One of the first recording artists to ever receive a “Parental Advisory” warning is going soft. Funk legend Prince announced earlier this month that he will no longer be using swear words in his music, the same words so prominently featured in much of his catalogue throughout the past 30 years. The singer behind songs such as “Erotic City” and “Sexy M.F.” made the announcement in an interview with Essence Magazine. Referring to R&B and soul artists Janelle Monae, Lianne La Havas and Marsha Ambrosius, Prince said, “They’re all my sisters. We shouldn’t curse at them. We need to treat all of them, and all people, like royalty.” The 55-year-old is definitely on to something.
Prince stated that respect for women was a primary reason why he would no longer make use of colorful language.
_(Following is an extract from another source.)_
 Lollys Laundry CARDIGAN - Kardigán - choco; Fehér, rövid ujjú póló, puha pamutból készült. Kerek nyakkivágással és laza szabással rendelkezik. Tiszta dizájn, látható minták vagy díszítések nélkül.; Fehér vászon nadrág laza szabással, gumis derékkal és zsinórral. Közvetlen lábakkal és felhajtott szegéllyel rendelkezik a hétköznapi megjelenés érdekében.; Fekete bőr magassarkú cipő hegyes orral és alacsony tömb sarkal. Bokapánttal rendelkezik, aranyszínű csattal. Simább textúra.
In an era where comedians like Amy Schumer are television stars, it’s hard to say that women can’t handle it or haven’t heard it before.
“Did you ever hear Muhammad Ali curse?” the artist asked in the interview that hit tablets and newsstands May 9. Truthfully no, but Ali did nearly blind a man on live television in “The Thrilla in Manilla.”
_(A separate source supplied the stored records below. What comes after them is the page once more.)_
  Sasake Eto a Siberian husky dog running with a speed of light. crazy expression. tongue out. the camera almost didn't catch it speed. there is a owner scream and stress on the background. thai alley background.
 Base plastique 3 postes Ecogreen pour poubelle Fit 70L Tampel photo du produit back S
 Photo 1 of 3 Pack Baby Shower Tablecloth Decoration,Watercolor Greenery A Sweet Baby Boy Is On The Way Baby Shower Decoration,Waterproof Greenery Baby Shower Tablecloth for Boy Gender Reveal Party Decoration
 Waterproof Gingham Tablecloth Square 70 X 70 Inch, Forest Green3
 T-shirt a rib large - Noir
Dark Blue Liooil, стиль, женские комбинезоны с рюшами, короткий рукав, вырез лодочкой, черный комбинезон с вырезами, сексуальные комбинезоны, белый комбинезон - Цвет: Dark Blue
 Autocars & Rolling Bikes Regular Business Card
This announcement is the latest stunt for the artist who once changed his name to a symbol. Last September, the singer released his new single
“Breakfast Can Wait,” with cover art featuring none other than Dave Chappelle as Prince. The move was evidence that the artist has more than a sense of humor, but a keen ability to stay relevant over three decades after the release of his first platinum album. The announcement is quite possibly another well calculated move in bringing Prince back to the forefront.
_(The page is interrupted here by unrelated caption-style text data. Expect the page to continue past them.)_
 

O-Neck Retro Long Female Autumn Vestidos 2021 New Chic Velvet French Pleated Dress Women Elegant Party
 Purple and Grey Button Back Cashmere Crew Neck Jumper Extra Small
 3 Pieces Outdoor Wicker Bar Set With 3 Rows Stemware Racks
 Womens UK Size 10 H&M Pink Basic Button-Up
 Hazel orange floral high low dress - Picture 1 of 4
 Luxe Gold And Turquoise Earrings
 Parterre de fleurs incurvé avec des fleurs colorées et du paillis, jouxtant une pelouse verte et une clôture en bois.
It was 1984’s hit record “Purple Rain” that first earned the singer a government-issued warning sticker on all physical copies sold. The decision to no longer use coarse language leaves fans to wonder if these classics will still be featured at all in the singer’s legendary live performances. With a 30th anniversary edition of the record expected later this year, it also remains to be seen if the songs will make the cut or receive a proper bleeping.
Radio DePaul student general manager Joe Lanzerotti is an avid Prince fan, but finds that college audiences are less interested in the artist.
“I don’t think that college students listen to Prince because he isn’t indie enough to interest them and he isn’t mainstream enough to get blasted out over the radio or on TV when his new albums come out,” Lanzerotti said.
“Really, his image has always been a hyper-sexualized otherworldly rock star. I’ll be a bit disappointed if he tones everything about his style and performances down to be more family-friendly and safe,” he added.
Prince is not the only artist to speak out about explicit language. Pop star Nicki Minaj came under fire in 2012 for the coarse lyrics she used in heavily rotated songs like “Superbass” and “Starships.” Critics complained that too much of Minaj’s work was being consumed by children. The 31-year-old responded that she would not stop cursing, but did not approve of her uncensored music being played for kids. The singer stated that she wouldn’t even let her younger brother hear the original versions of her songs.
DePaul communication professor Daniel Makagon has been studying popular culture and music his entire academic career and points to Prince’s past as a way of understanding the recent push toward clean lyrics.
“Prince has always been an artist who has wrestled with how he represents himself,” Makagon said. “This is a public return to the angelic Prince, but the devil will feature again; he always does.”